Привоз – любимое место. Рыночная экономика. Стоит женщина, кричит:
– Зелень! Зелень!
Я:
– Дайте два пучка.
Она:
– Отойди!.. Зелень!
Я:
– Дайте три пучка!
Она:
– Отойди, я доллары меняю! Зелень, зелень!..
В сентябре в Одессе огромный урожай винограда. На Привозе крики: «Пробуйте виноград!», «Без косточек!», «Лечебный виноград!»… Женщина ходит, пробует у одного, у другого.
– У вас виноград лечебный?
– Лечебный, мадам, лечебный, – и снова кричит: – Покупайте лечебный виноград!
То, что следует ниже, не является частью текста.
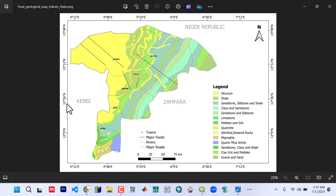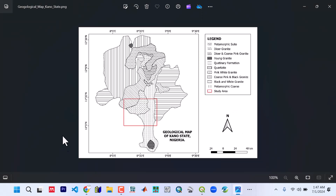Hello everyone. This is a complete series of videos on how to create a geological map of any given study area — either for your work, for yourself, or for a client — using QGIS as well as Google Earth Pro. You'll be able to create a geological map of a study area like this from scratch. It's very powerful if you know how to do it; you can do it for yourself or for a client and get paid.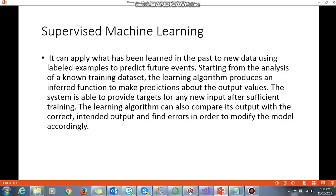So let's go to the next slide and discuss the two kinds of machine learning. The first is supervised machine learning. Supervised machine learning can apply what it has learned in the past to new data using labeled examples to predict future events. Starting from the analysis of a known training dataset, the learning algorithm produces an inferred function to make predictions about output values. The system is able to provide targets for any new input after sufficient training. The learning algorithm can also compare its output with the correct intended output and find errors in order to modify the model accordingly.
А она все пробует, пробует…
– Мадам! Вы что, здесь будете лечиться?!
В одесской филармонии в шестидесятые годы работала контролером бессмертная мадам Гризоцкая, ей было тогда лет восемьдесят. Она уже плохо видела, и когда ей давали деньги, она их рвала вместе с билетами. Возле нее на полу лежали разорванные купюры. Ей говорили:
– Мадам Гризоцкая, идите уже на пенсию!
И она отвечала:
– Я умгу на контголе!..
– Куда вы едете? – спрашивала она меня.
– В Ташкент.
– Пгивезите мне фильдепегсовые чулки!
– Зачем?
– Пусть лежат!
В той же филармонии была уборщица тетя Маня: если ей вздумалось мыть пол, она выгоняла со сцены симфонический оркестр.
– А ну выходите, мне надо убирать!
Прервали генеральную репетицию, вышли. Она убрала, кричит:
– Идите играйте себе!
От нее я услышал лучшую рецензию на свое выступление. Она подошла ко мне после спектакля и заметила:
– Вы неплохой артист, товарищ Карцев, но вы сильно пересаливаете лицом!
Прилетаю в Одессу, меня не встречают. Таксисты толпой:
– О, давай подвезу за полцены!
– Давай за четверть цены!
Один подошел, отвел в сторону:
– Я тебя везу бесплатно, но ты будешь меня слушать!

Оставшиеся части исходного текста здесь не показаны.